La proposta musicale avanzata dai Mortanius in questo esordio che, per direzione stilistica e sonorità, sembra riportarci indietro nel tempo, precisamente agli anni 90, è un misto di progressive, power e symphonic metal dalle influenze spiccatamente neoclassiche, come si evince sin dalla prima traccia “Facing The Truth” in cui sembra di ascoltare il primo Malmsteen o gli Elegy di “Supremacy” ovvio, con le debite proporzioni e senza la freschezza dei lavori di questi due illustri predecessori. Nella successiva “Disengage”, aperta da una tastiera che crea della atmosfere cupe e malinconiche, continuano i paragoni con i grandi del passato e stavolta i riferimenti vanno ai “Symphony X” di “The Damnation Game”, il pezzo tutto sommato è piacevole e si regge su un perfetto equilibrio tra prog e power con dei cori che esaltano il cantato conferendo maggiore epicità al brano mentre la chitarra di Flocco fa degnamente la sua parte. E’ la volta poi di “Jaded”, traccia che sembra essere concepita appositamente per l’ex frontman dei “DragonlandJonas Heidgert il quale difatti, si trova perfettamente a suo agio all’interno di queste sonorità ed atmosfere malinconiche dal sapore agrodolce. Il pezzo più complesso dell’intero album è indubbiamente la title-track, della durata di ben 18 minuti, che può essere considerata una sorta di sintesi di tutte le caratteristiche sin qui descritte ed in cui le influenze con i maestri del genere emergono nuovamente in maniera prepotente, quasi pesante. La struttura della traccia è in continua evoluzione, secondo la tradizione prog, ma le linee melodiche (anche qui dalle tinte fortemente drammatiche) e vocali sono tipicamente classicheggianti mentre la sezione ritmica alterna parti veloci ad altre più cadenzate, Flocco e Shaw ad ogni modo dimostrano di avere delle apprezzabilissime doti tecniche. Si arriva poi alla conclusione del disco affidata a “Last Christmas”, l’immancabile cover (appuntamento fisso evidentemente per la band), ma obiettivamente la canzone degli Whaam si adatta ben poco ad un sound metallico, sebbene i nostri ragazzini tentino in tutti modi di tramutarla nella classica ballata metal, ma il risultato finale lascia alquanto perplessi.

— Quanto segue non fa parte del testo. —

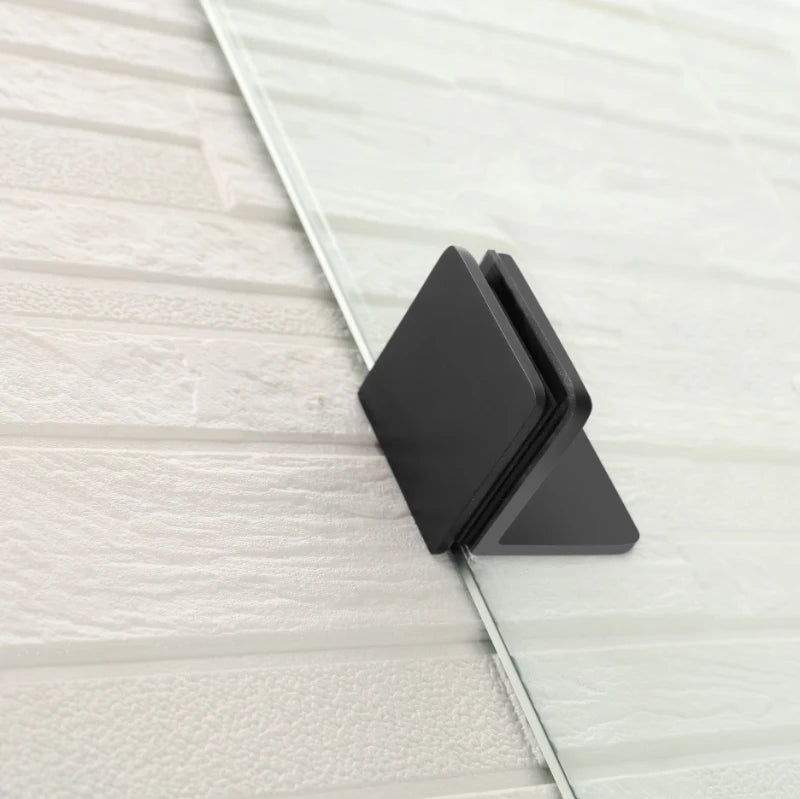 COVEY Wall To Wall L-Shape Square Frameless Pivot Hinge Door Shower Screen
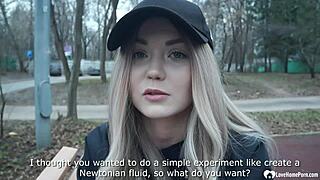 Picked up blonde rides cock hard 😈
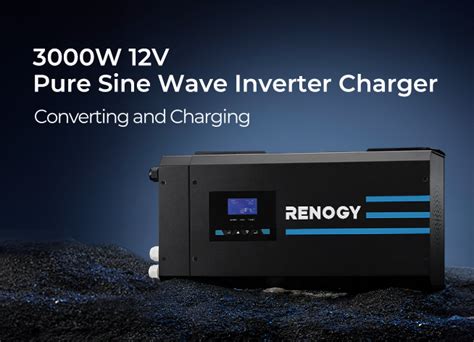 3000 Watt Inverter Charger Pure Sine Wave Display Renogy Australia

Insomma ricapitolando, l’album tutto sommato si lascia ascoltare e i Mortanius si dimostrano una band dal gusto musicale sopraffino e dalle ottime capacità, tuttavia in certi frangenti appare davvero troppo derivativo e privo di quella freschezza ed ispirazione che ci si attenderebbe da una band che, al suo debutto, dovrebbe avere qualcosa in più da dire e mostrare al pubblico, piuttosto che “scimmiotare” i grandi del passato anche se di contro, vanno ricordati tutti i problemi di line-up verificatisi alla vigilia dell’entrata in studio, che hanno indubbiamente reso complicato il processo di song-writing e quindi non è corretto essere eccessivamente severi nei confronti di un gruppo che comunque lascia intravedere qualcosa di buono e da cui è lecito auspicarsi qualcosa di più in futuro.